I really liked this one. Fun exploration of nostalgia, heroes, joie de vivre, being true to yourself, etc. And I love our hero’s giddy, can’t-believe-his-luck enthusiasm. This might be my favorite Owen Wilson performance ever. There’s a few characters who are only light caricatures for purposes of contrast, but that’s Woody Allen for you. I do love how the elements of scifi/fantasy here are a given, accepted, no explanation required.
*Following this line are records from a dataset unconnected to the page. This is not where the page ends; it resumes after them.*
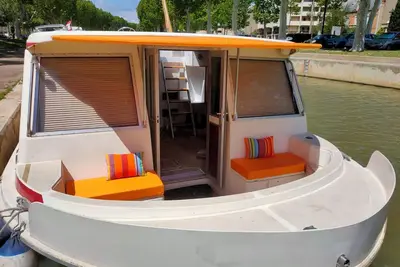 Image de Charmante péniche avec terrasse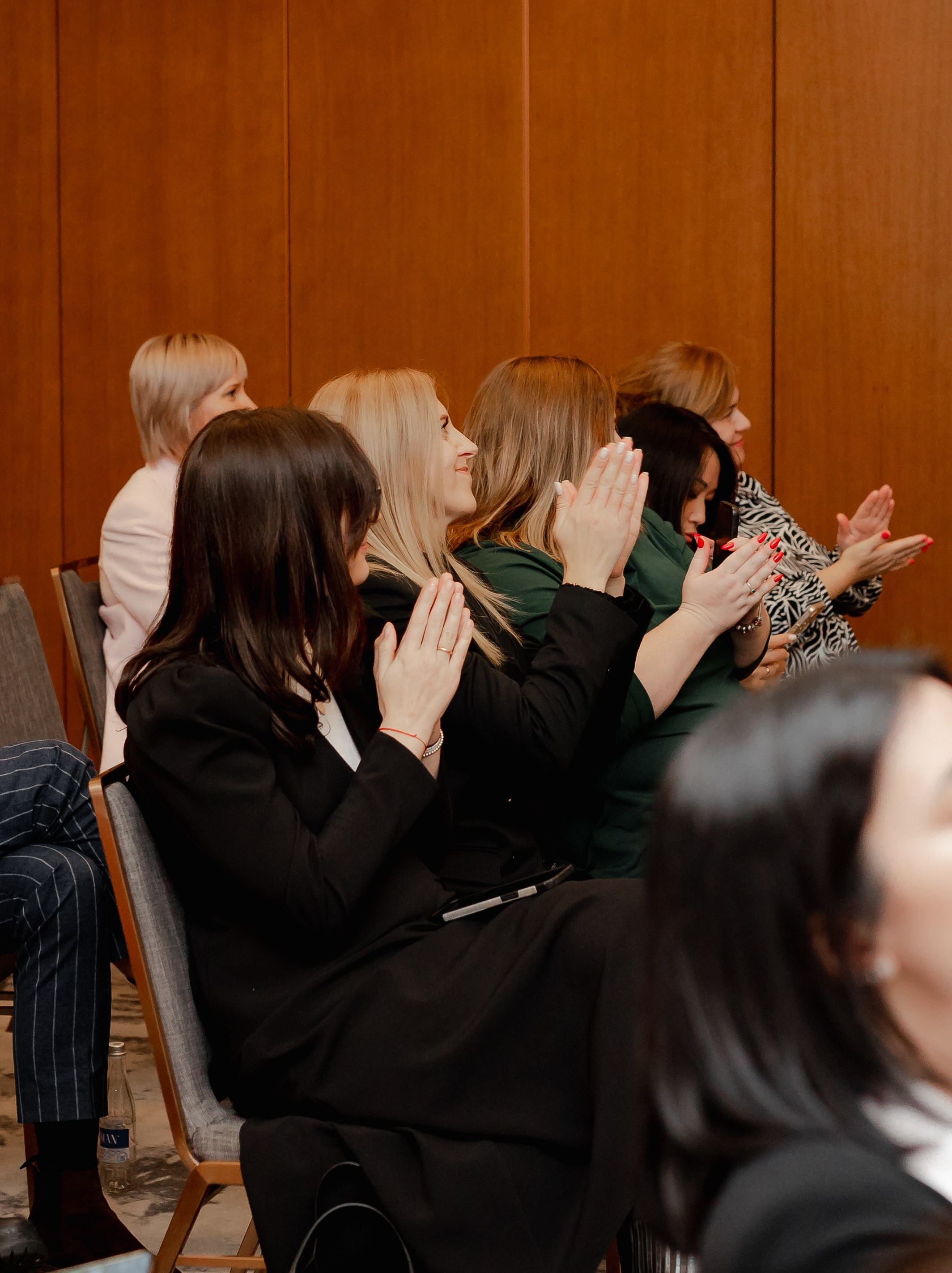 Бизнес конференция. Свадебный и контент фотограф в Москве — Юлия Барно (Баранова)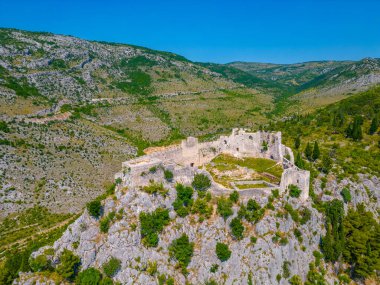 Bosna-Hersek 'teki Blagaj kalesinin manzarası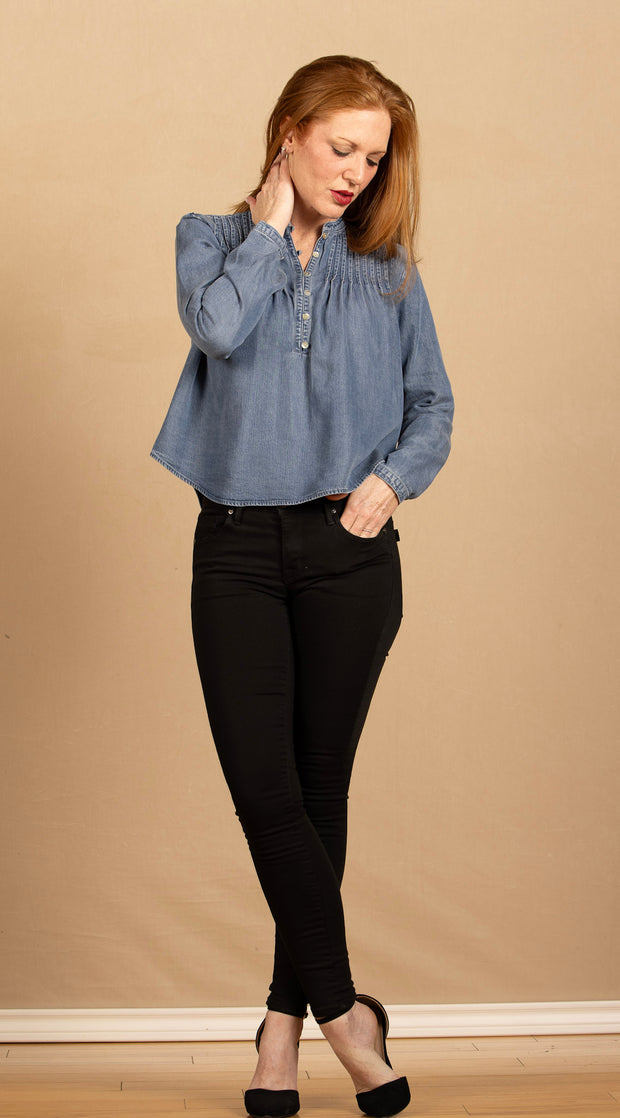 Long Sleeve Pintuck Pullover Skyline Spray Wash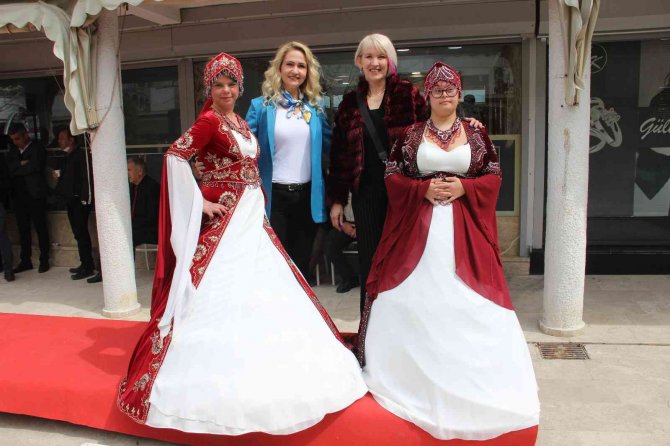 Down sendromlu Gülce’nin hayalini podyumda gerçekleştirdiler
It’s been a while since my last Woody Allen film. My updated rankings, though maybe it’s been too long a time for this to be definitive:
- Annie Hall
- Midnight in Paris
- The Purple Rose of Cairo
- Vicky Cristina Barcelona
- Match Point
Bottle Rocket. Eh. I’d like to see the short film that was the germ of this full-length one. My current Wes Anderson rankings: 1. The Darjeeling Limited 2. The Royal Tenenbaums 3. Bottle Rocket 4. Rushmore. I wonder if I’d like his movies more if I’d seen them as serials? Seems like a more forgiving format for these somewhat aimless stories, but still have some interesting moments sprinkled around.
The Darjeeling Limited. This is the first Wes Anderson I’ve ever seen. I liked it, but didn’t fall in love with it. Strange feeling to have such a wandering, aimless plot captured with such anal precision.